Martin Taylor 951205 13:10 --

An experimenter observes that some definable action (e.g. pecking at a key)
occurs with some baseline frequency or probability, but when the action is
"reinforced" it occurs with higher frequency or probability (or lower, if
the reinforcement is "negative"). As far as I can determine, that's a fair
description of the reinforcement process, isn't it?

Except that what you labeled as negative reinforcement is called
"punishment" in today's terminology.

"Reinforcement" occurs when something is presented to the animal that is
not a normal part of the behaviour being reinforced (!?*& This is such an
unnatural way of talking *&#%). The reinforcer might be food, but the
reinforced actions might be pecking at a key when it is illuminated and
not when it isn't. The key (!) point is that there is nothing in the usual
environment of the subject that makes the reinforced actions connect with
the reinforcer. Pigeons in the wild don't have to go around looking for
illuminated keys to avoid starving.

I think you are making an artificial distinction here. Pigeons DO have to
go around looking for SEEDS to avoid starving; if the pecks in a given
location produced nothing but inedibles the pigeon would soon stop pecking
there. The relevant feature is that the behavior does not _necessarily_
produce a consequence that has an effect on the controlled variable. Thus
you can compare the frequency of the behavior when it produces some
consequence and when it doesn't.

Let's try to get back to PCT-talk. The reinforcer clearly is an element
of some controlled perception. Let's imagine that to be hunger-satiation.
A reinforcer affects the feedback path for the "reinforcement-controlled-
perception" in that if a pellet is perceptible than hunger can be reduced
(satiation increased) by pecking at the pellet, but if there is no pellet
the pecking action will have no influence on the H-S perception. The
apparatus does not disturb the H-S perception by putting a pellet into
the pigeon's view. But unless there is a pellet in view, an error "too
much H, not enough S" cannot be influenced by anything the bird does.
So the role of the reinforcer is to provide an environmental feedback
path for the perception that the experimenter has disturbed (e.g. by
not allowing the bird to feed as much as it would have liked prior to
the experiment).

Yes (except that for the pigeon, the reinforcer is usually a few seconds
access to grain, not a pellet).

The experimenter is interested in some action X, that normally does not
influence the birds H-S perception. To "reinforce" X, the experimenter
sets up the bird's environment so that when it performs action X, the
bird sometimes becomes able to reduce the H-S error, whereas it cannot
do so (or is less able to do so) when it doesn't perform X.

Correct.

The EFFECT of reinforcement is on the control system(s) that use(s) action X.

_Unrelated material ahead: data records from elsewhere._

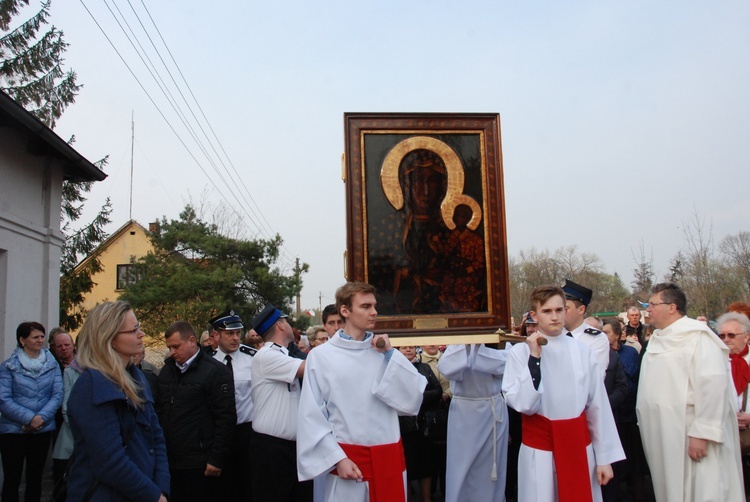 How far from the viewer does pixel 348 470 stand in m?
4.01

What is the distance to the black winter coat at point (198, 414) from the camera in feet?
17.4

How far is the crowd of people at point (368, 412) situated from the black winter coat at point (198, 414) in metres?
0.01

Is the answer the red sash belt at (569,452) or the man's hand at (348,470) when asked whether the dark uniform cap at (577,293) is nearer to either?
the red sash belt at (569,452)

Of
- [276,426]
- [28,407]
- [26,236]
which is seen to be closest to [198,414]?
[276,426]

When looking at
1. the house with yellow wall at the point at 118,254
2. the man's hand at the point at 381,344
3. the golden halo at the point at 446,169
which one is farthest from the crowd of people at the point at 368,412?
the house with yellow wall at the point at 118,254

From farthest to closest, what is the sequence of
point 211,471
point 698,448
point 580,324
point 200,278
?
point 200,278
point 580,324
point 211,471
point 698,448

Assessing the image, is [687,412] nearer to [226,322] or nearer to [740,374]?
[740,374]

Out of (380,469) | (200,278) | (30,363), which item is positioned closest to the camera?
(380,469)

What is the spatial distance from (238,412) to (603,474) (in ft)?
10.5

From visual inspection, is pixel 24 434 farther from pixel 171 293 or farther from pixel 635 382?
pixel 171 293

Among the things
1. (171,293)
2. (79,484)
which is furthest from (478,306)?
(171,293)

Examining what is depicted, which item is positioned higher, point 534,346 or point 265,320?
point 265,320

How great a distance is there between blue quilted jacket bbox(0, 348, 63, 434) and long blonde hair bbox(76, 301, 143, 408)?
3623 millimetres

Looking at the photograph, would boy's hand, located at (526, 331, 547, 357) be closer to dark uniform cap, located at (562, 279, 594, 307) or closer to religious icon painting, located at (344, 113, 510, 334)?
religious icon painting, located at (344, 113, 510, 334) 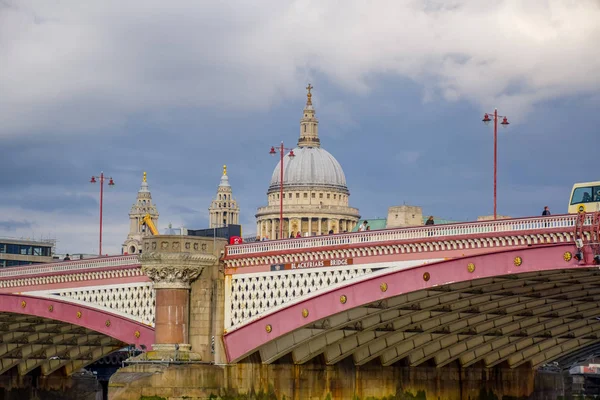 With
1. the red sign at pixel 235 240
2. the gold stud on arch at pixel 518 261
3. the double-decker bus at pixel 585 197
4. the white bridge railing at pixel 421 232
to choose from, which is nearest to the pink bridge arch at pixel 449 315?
the gold stud on arch at pixel 518 261

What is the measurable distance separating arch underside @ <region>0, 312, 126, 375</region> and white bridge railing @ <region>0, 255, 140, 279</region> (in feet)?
9.28

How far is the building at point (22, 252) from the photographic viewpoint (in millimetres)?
158500

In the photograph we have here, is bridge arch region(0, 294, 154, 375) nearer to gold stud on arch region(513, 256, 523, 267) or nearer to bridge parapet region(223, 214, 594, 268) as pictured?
bridge parapet region(223, 214, 594, 268)

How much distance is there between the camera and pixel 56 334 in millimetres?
88938

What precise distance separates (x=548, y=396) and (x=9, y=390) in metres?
38.7

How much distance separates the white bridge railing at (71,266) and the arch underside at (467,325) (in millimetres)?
11622

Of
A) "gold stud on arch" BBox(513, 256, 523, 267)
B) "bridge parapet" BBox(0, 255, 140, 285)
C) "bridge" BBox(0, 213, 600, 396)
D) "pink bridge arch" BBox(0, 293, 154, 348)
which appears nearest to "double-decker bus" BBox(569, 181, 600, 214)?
"bridge" BBox(0, 213, 600, 396)

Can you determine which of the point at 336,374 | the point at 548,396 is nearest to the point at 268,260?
the point at 336,374

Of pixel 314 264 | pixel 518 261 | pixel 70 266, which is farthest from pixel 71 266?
pixel 518 261

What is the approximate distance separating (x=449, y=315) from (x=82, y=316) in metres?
21.9

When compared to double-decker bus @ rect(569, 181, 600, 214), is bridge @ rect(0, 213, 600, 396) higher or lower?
lower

The effect is to set a reference (output of the system whose error is
reduced by the reinforcer) for a lower-level system that will bring about
the delivery of the reinforcer. This system in turn will set references for
yet other perceptions (e.g., perceiving contact of the beak with the key)
which must be realized to bring the perception of reinforcer-delivered to
reference.

The PROCESS of reinforcement seems to be very like that of reorganization,
though I don't see it as necessarily the case that the "reinforcing" (H-S)
control system needs to involve an intrinsic variable. I could see, for
example "access to money" as being a suitable "reinforcer" for actions
like "Screwing up the bolts on the car passing down the assembly line."

Yes, that's my view, too. Contingent events that reduce error in these
systems that form the earlier parts of the chain that ends with reduction of
hunger (or whatever error it is that grain-ingestion corrects) are the
"secondary" reinforcers of reinforcement theory. Having the key depressed
is of no importance to the bird if achieving that goal-state does not
ultimately lead to control of hunger-satiation. Organizing the set of
control systems required to achieve that end involves the "selective"
function of the reinforcement process. The mechanism that accomplishes this
function is as yet unknown, although I have in the past offered some
speculative thoughts about how such a mechanism might do its job. At this
point it is enough to note that the system does get organized, however that
might be accomplished, and that the selected outputs are those which produce
consequences that reduce error in the relevant control systems.

Regards,

Bruce